Exercise directions
An exact copy is needed of the lines in the entries below from the line with "Note that this" up to and including the line with "Now we want", and of nothing else. Leave the pictures out.

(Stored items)
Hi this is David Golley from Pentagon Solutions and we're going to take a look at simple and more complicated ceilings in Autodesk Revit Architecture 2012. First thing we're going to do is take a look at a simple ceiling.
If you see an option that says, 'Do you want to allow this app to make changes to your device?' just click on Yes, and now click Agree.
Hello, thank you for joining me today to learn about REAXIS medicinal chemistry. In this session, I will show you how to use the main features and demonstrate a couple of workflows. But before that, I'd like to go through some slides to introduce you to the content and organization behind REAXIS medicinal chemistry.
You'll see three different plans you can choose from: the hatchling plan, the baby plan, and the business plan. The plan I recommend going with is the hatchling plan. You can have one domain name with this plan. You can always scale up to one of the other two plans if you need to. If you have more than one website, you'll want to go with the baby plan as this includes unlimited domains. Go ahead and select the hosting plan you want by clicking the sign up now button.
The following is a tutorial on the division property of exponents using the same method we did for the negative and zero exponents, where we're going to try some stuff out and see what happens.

--

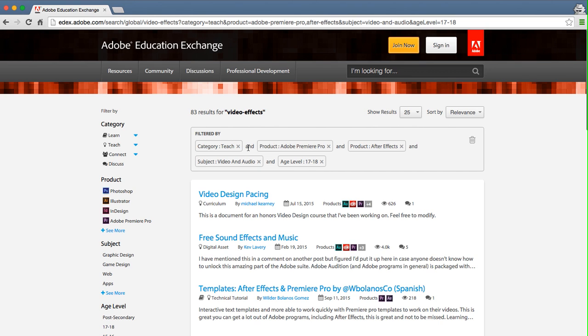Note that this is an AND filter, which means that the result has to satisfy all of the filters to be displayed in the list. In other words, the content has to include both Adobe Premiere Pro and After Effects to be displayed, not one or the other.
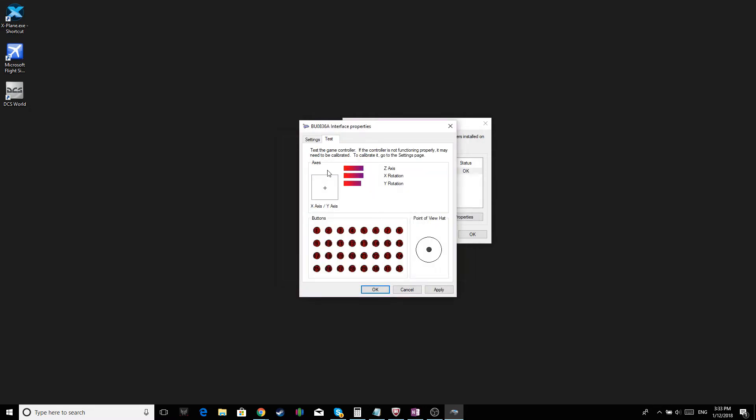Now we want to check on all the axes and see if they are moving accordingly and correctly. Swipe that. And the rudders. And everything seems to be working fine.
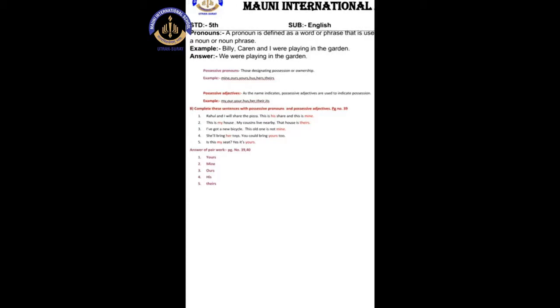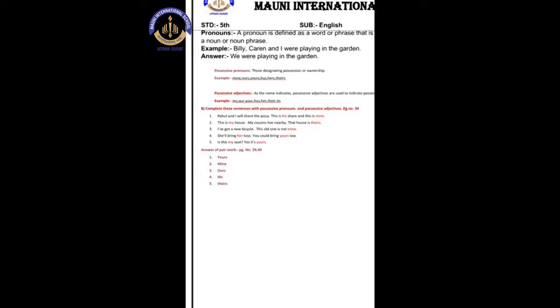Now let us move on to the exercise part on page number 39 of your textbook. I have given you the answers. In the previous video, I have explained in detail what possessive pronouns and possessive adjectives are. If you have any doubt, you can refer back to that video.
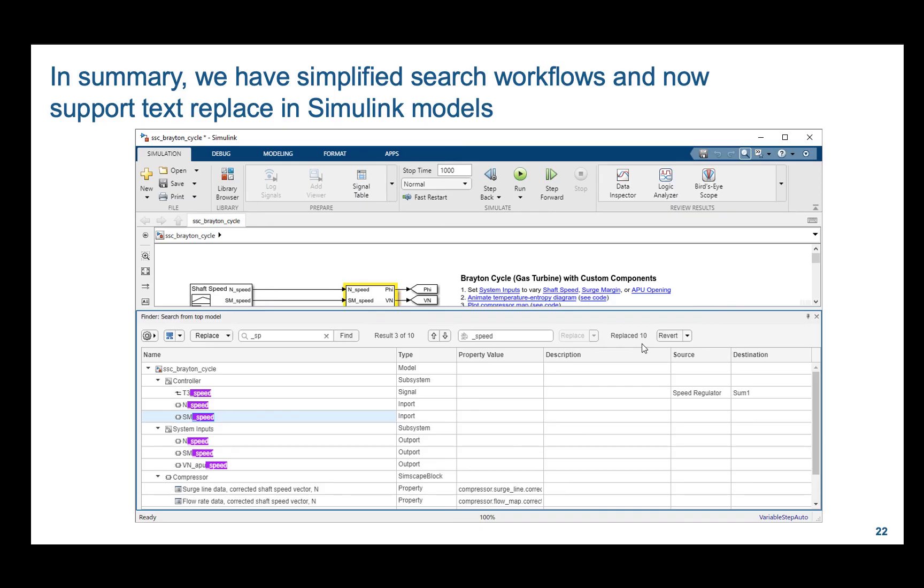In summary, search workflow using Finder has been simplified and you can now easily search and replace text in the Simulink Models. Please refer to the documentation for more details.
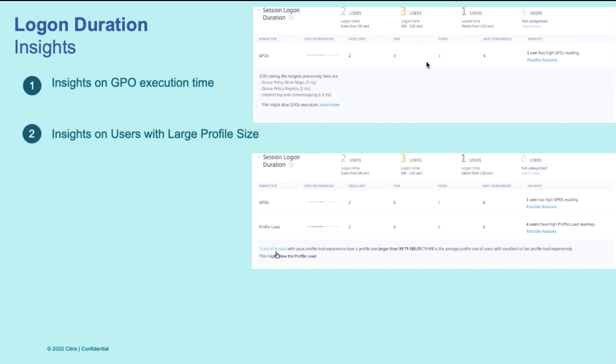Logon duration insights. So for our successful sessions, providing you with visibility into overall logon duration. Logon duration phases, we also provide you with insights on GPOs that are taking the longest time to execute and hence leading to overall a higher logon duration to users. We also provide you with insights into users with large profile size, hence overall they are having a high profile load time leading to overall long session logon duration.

Task output
Note that this is an AND filter, which means that the result has to satisfy all of the filters to be displayed in the list. In other words, the content has to include both Adobe Premiere Pro and After Effects to be displayed, not one or the other.
Now we want to check on all the axes and see if they are moving accordingly and correctly. Swipe that. And the rudders. And everything seems to be working fine.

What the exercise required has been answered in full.